Marcion argued that since according to Paul—or rather his interpretation of Paul—Christ abolishes the Law of Moses, the god who revealed it must be an inferior deity of the Israelites overthrown by Jesus and His Father, the true superior God of all the world. To this effect, he rejected all of the New Testament except for an edited version of Luke and some of the letters of Paul.

 

He was constrained to this position because the New Testament is filled with references to the Old Testament, specifically identifying Jesus as the Jewish God and applying the titles and qualities of one to the other (see John 12:41 and Isaiah 6:1-6, where in the Septuagint, “robe” is rendered “glory”).
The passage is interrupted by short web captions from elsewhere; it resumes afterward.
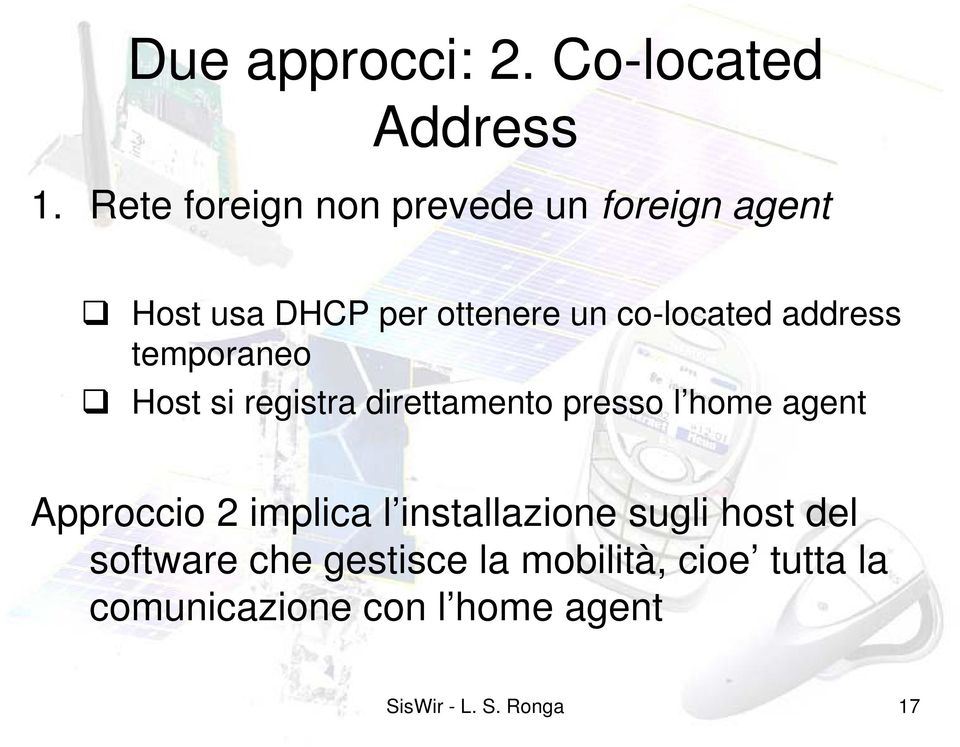 address temporaneo Host si registra direttamento presso l home agent Approccio 2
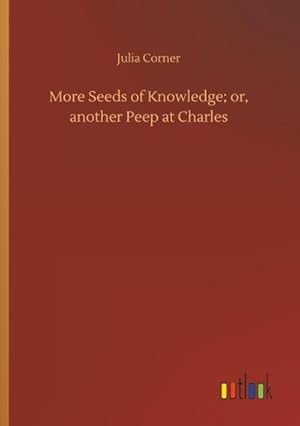 Immagine del venditore per More Seeds of Knowledge; or, another Peep at Charles venduto da Smartbuy
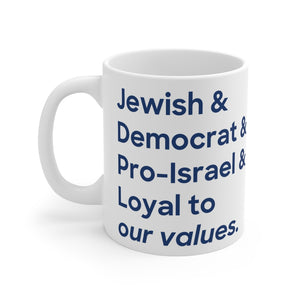 Jewish & Dem & Pro-Israel Mug 11oz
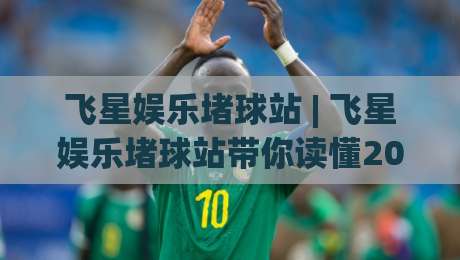 飞星娱乐堵球站 | 飞星娱乐堵球站带你读懂2026线上互动新玩法:从场景预判到体验升级-线上十大最稳押球网推荐直播源不卡顿在线观看初盘全场回放 飞星娱乐堵球站 | 飞星娱乐堵球站带你读懂2026线上互动新玩法:从场景预判到体验升级-线上十大最稳押球网推荐直播源不卡顿在线观看初盘全场回放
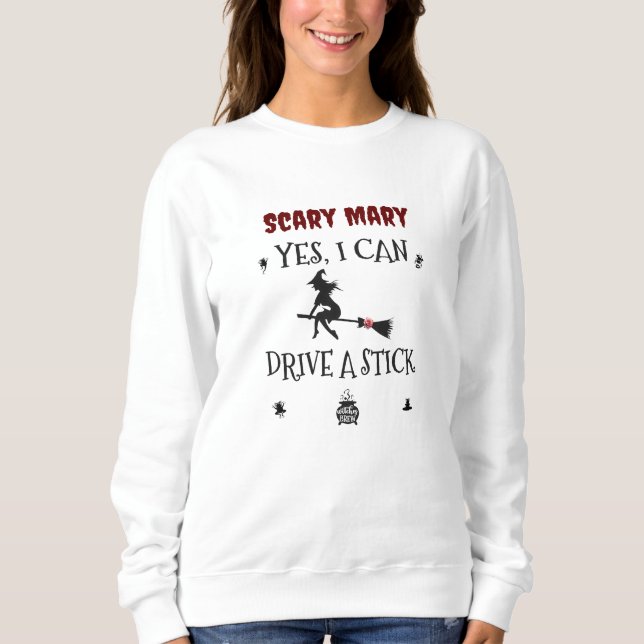Yes, I Can Drive A Stick Says The Witch Sweatshirt (Front)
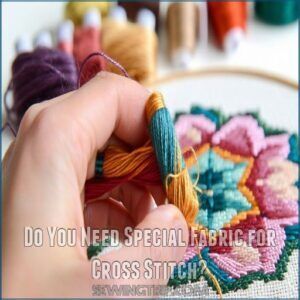 do you need special fabric for cross stitch do you need special fabric for cross stitch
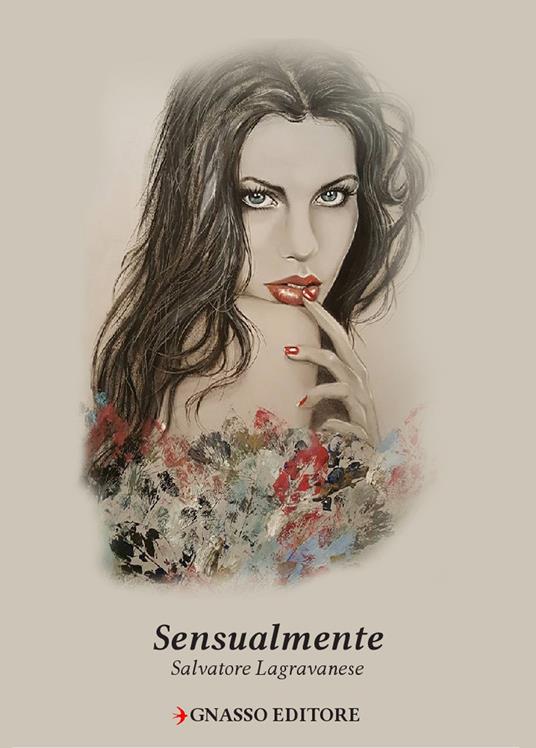 Sensualmente - Salvatore Lagravanese - copertina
Christ Himself says that He has not come to abolish the Law, but to fulfill it (Mat. 5:17).

 

Most poignantly, Paul says that “all Scripture is inspired by God and profitable for teaching, for reproof, for correction, for training in righteousness” (2 Tim 3:16-17). At that time, the New Testament was not yet written in full or compiled together, therefore, it is possible to make sense of Paul’s words here only by understanding that “Scripture” refers to the Old Testament.

 

Responding to Marcion, St. Irenaeus pulls no punches, decrying him for rejecting the truth which the whole Church holds, that the Gospels are the faithful witness of the Apostles. Thus, he accuses Marcion of being a mutilator of Scripture on account of his editing the Biblical record.

 

This dichotomy between God in the Old and New Testament betrays a shallow reading of both the Old and the New Testament. The lovingkindness of the God of the Old Testament cannot be questioned. He is resisted by humans from the very beginning and yet remains committed to them. He makes a covenant with Abram that his descendants will be like the stars (Gen. 15), but Abram decides to take matters into his own hands and father Ishmael with Hagar (Gen. 16). The people whom God brings out of Egypt grievously disobey the Covenant (Ex. 32) right after they have agreed to uphold it (Ex. 24). They seek to have a king over them, thus rejecting the Kingship of God (1 Sam. 8:7-9). The people of God reject Him at every step, so much so that God adopts the image of the indignant yet faithful husband decrying the transgressions of his unfaithful wife (cf. Hosea 2:2-23). And yet, He says, “Can a woman forget her nursing child and have no compassion on the son of her womb? Even these may forget, but I will not forget you” (Isa. 49:15). Despite every betrayal, the Psalmist exclaims, “His lovingkindness is everlasting” (Ps. 136:1).

 

On the other hand, the Jesus of the New Testament adopts language quite similar to the God of the Old Testament, decrying hypocrisy and unfaithfulness and not being shy about announcing punishment on all those who reject Him (Jn. 8:24, Jn. 5:22-23, among others). The message that Christ preaches is not that God no longer punishes, but rather that He has offered us a perfect way to repentance. He has offered His Son to condescend to our human nature and suffer death, so that all who believe in Him might have life (Jn. 3:16). The love of God in the New Testament, therefore, is not a change from the God of the Old Testament, but the final dispensation of the lovingkindness of the same God who in the beginning created the heavens and the earth. If one does not read the Old and the New Testament as the one revelation of the one true God, one rejects both.